Paper delivered at the Civil Law Seminar 2016, Canadian National Judicial Institute, (Vancouver, BC, 18-20 May, 2016)

48 Pages Posted: 14 Jan 2019

See all articles by Jeff Berryman

Jeff Berryman

University of Windsor - Faculty of Law

Date Written: May 18, 2016

Abstract

In an ideal world justice would be dispensed instantaneously and the incursion of any form of interlocutory loss, irreparable of not, would be avoided. In an imperfect world we need to learn to live with law’s complexity, human frailty, evidential uncertainty, limited resources, and the inevitable passage of time that passes when these are engaged. Law, like any other human construct that takes thought to digital page, simply takes time.

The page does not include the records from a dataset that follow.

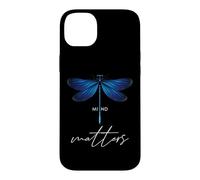 Carcasa para iPhone 14 Plus Dragonfly Mind Matters Mental Health Mindset Libélulas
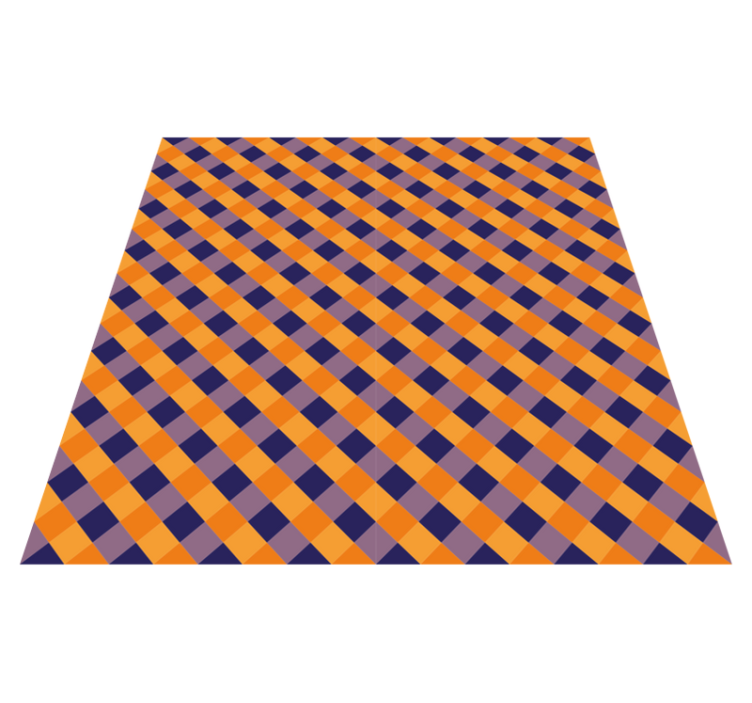 Diagonal Color Blocks stripes vinyl rug - TenStickers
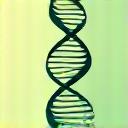 Stilisierte DNA-Helix Illustration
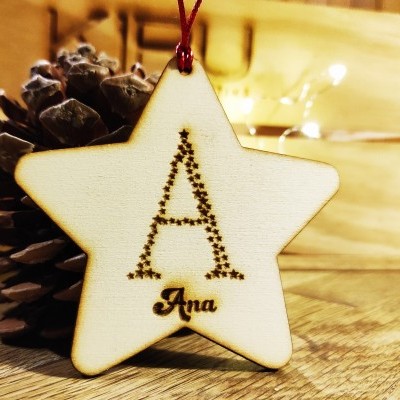Estrelas de Natal com Nomes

Just as an infinite number of monkeys placed before typewriters takes time to recreate the works of Shakespeare, time also passes between an applicant’s assertion of a wrong, and establishing the legal framework upon which those claimed rights are to be determined. Uncertainty and delay can arise in the need to establish a claimed right, as in where the right is novel or only in nascent form. Delay can emerge from the gathering of evidence particularly where the action is going to be determined largely on an affidavit record. Similarly, because the evidence is written and not subject to cross examination, it is open to divergent interpretations. Even if the best counsel can over come the aforementioned difficulties, they face resource constraints in terms of judicial and court time. Unlike health care where there are now standards for wait times there are no similar standards for court hearings.

Between the ideal and the real, interlocutory relief exists as a form of paradoxical justice. It is not perfect justice because it is decided under less than ideal trial circumstances, yet it purports to do justice by minimizing a loss for which the applicant will never be able to recover. While an applicant has a right to a civil judgment following proof of a legal cause of action and meeting the requisite level of evidence, there is no equivalent right, outside one conferred by statute to jump the queue or to obtain an interlocutory injunction.

The real world is also a dynamic one in which a variety of contextual issues frame the need and desire for interlocutory relief. Even at inception of the American Cyanamid test, Hammond identified how the difference in dealing with affidavit evidence on both sides of the Atlantic, i.e. allowing for limited cross examination in Canada, would impact upon the potential credibility of the evidence and thus the veracity courts would give to it. Post 1975, transformations in civil procedure, particularly simplified proceeding, case management, and status reviews, have all increased the control exercised by courts to hasten litigation through the adjudicative process and indirectly lessen the need for interlocutory relief. Buttressed by these procedural changes, some courts are now more willing to deny or suspend granting interlocutory relief in return for an undertaking from the parties to expedite the trial process, or to keep records that will make it easier to quantify damages. The ebb and flow of interlocutory injunctions is greatly influenced by all these externalities.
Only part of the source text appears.